22.8.07

Día 7. Niágara (I)

Continuamos nuestro viaje hacia el oeste. El Desayuno en el motel causa cierta hilaridad. Algo parecido a café, una magdalena y sucedaneo de mermelada. Subimos al Expedition. Caen los quilómetros. Aunque Jimena trajo “El concierto de Aranjuez”, hemos optado, tras el primer día, por poner como sonido de ambiente la música de la radio. En algunas de las Áreas de Servicio, se ven monumentos y placas en recuerdo de los patriotas muertos, bien en el XVIII, bien en el siglo XX. La persistencia de la memoria.

Al final de la mañana llegamos a Búffalo. Restos fabriles camino del downtown. Este eclecticismo norteamericano es desconcertarte para un europeo: rascacielos pegados a edificios del XIX. Aparcamos en la zona histórica de la ciudad y, como se va haciendo tarde, buscamos algún sitio para comer. Un restaurante griego es la solución. Por fin, después de varios días, algo de pescado con arroz. Reparador. A la hora de comer, en el grupo nos dividimos entre los que disfrutan de la gastronomía local (Carles y Miri), los que alternan y son infieles sin rubor (Chorch y Gelito) y los que preferimos cosas algo más europeas (Jimena y yo). Para tomar el café, cruzamos la calle y entramos en un espacio diminuto que parece sacado de una película: la puerta y la pared, horadada por un gran ventanal , son rojas. Un negro fuma sentado en la puerta. El camarero, joven, nos invita a pasar. Apenas hay sitio, pero el lugar tiene encanto, caliu. Los cafés los hacen con máquina y nos sientan a gloria. Sentados, charlamos. Empieza a llover. El café no tiene aseo. Cosas que pasan. Es hora de seguir la ruta por Búffalo, pero ahora en coche. Vemos un poco la ciudad y enfilamos al motel en el Niágara.

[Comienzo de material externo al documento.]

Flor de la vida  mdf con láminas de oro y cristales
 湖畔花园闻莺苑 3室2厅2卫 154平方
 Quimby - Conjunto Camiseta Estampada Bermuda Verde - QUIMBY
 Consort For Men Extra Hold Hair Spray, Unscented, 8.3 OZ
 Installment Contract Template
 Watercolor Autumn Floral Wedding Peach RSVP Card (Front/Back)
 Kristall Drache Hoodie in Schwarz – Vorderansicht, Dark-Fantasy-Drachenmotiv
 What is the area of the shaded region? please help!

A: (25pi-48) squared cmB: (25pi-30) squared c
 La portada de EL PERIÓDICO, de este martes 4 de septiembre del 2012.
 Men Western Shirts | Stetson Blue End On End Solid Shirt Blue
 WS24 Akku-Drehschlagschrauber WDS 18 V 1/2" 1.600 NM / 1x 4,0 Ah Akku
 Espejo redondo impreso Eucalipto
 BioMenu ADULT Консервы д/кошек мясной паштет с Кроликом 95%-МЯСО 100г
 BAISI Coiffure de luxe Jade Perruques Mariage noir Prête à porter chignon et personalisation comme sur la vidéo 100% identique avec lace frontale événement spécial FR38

Llegamos poco menos de media hora después. Diluvia. Bajamos las maletas. Hay un problema. No tenemos ninguna habitación reservada. Insistimos, la mujer que nos atiende en recepción busca en el ordenador y nos explica, paciente y amable, que la reserva que nos hicieron ayer era para esa misma noche y no en este motel. ¿Dónde nos reservaron? Preguntamos. Not very far, dice el que parece ser el jefe. Ella nos aclara que a unos quinientos quilómetros. Qué relativas, las distancias.

Protestamos. Nos indignamos. Ella nada puede hacer. Además, el cargo a la tarjeta ya está hecho. Nuestra loca de ayer nos la jugó bien. Pedimos habitación en este; en algún sitio hay que dormir. Están llenos. Nos cagamos todos en la puta. Le pedimos que haga el favor de llamar al Súper 8 que está en el lado canadiense. Quedan habitaciones. Reservamos. Damos las gracias. Volvemos a cargar. Salimos. Sigue lloviendo. Hay que pasar el Rainbow Bridge, que separa Canadá de los Estados Unidos. En la aduana, los canadienses nos hacen las preguntas de rigor y nos dejan pasar sin problemas. A un lado, el Lago Ontario, al otro, el Lago Erie; entre medias, las cataratas del Niágara.